Religious leaders in Greenville already have been working together to assuage the tensions that often accompany gentrification, Jersey City Council President Rolando Lavarro told JTA. Lavarro said the city had allowed residents to put “No Knock” signs on their doors to deter real estate developers and said that security could be increased in the area pending the result of the police investigation. He said he did not know if the shooting was at all related to issues in the neighborhood.
“I think we can do better to be a welcoming city,” Lavarro said. “I think we can do a better job of balancing preserving the culture, heritage and values of those who have been in the city in longtime residence, and balancing the needs of communities that are newer to Jersey City.”

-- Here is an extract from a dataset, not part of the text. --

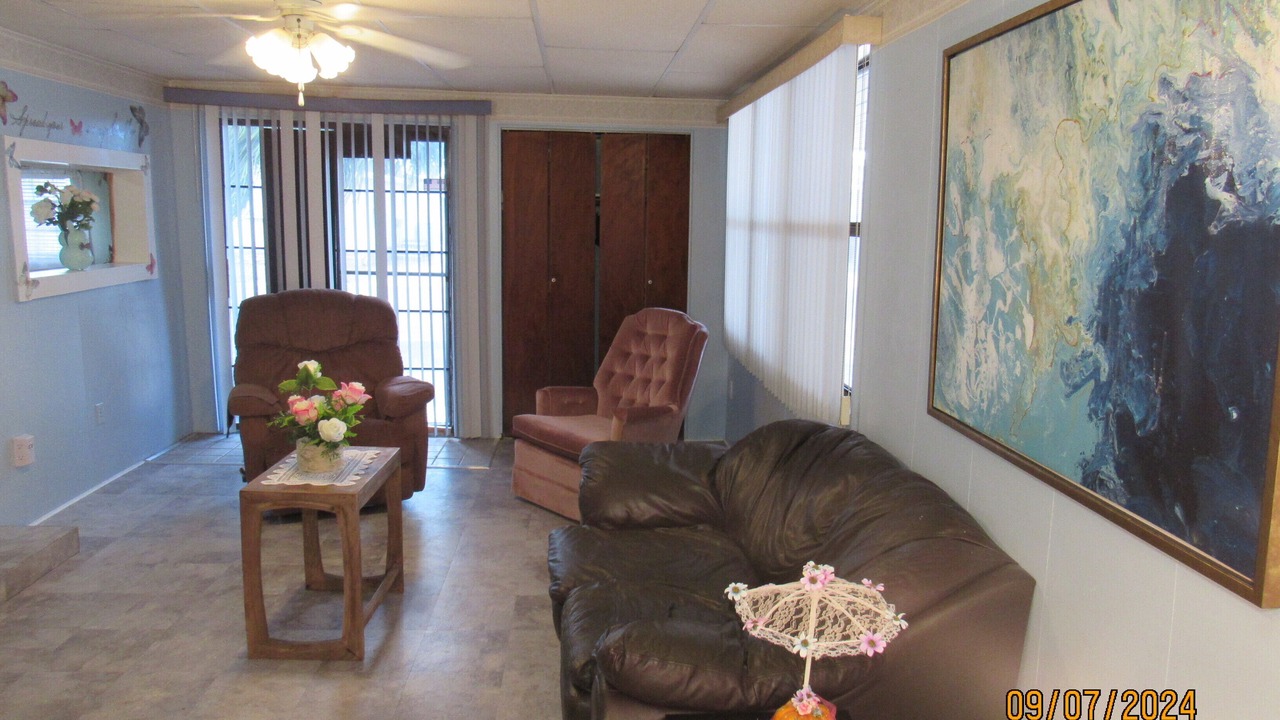 Photo of Livingroom in Mission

Yosef Rapaport, a Hasidic activist in the Borough Park neighborhood of Brooklyn, said the new arrivals in Jersey City have been driven by rising prices that have made homes harder to afford in Brooklyn.
“There has been a tremendous outflow from Brooklyn of young people,” he said. “Synagogues don’t have young children anymore. Nobody can afford to live here.”
Schnall feared that, despite the largely tranquil feeling in Greenville before Tuesday, this is is simply the new reality: Jewish communities across the country are at risk.
“It’s concerning that this took place,” he said. “But things like this can happen anywhere.”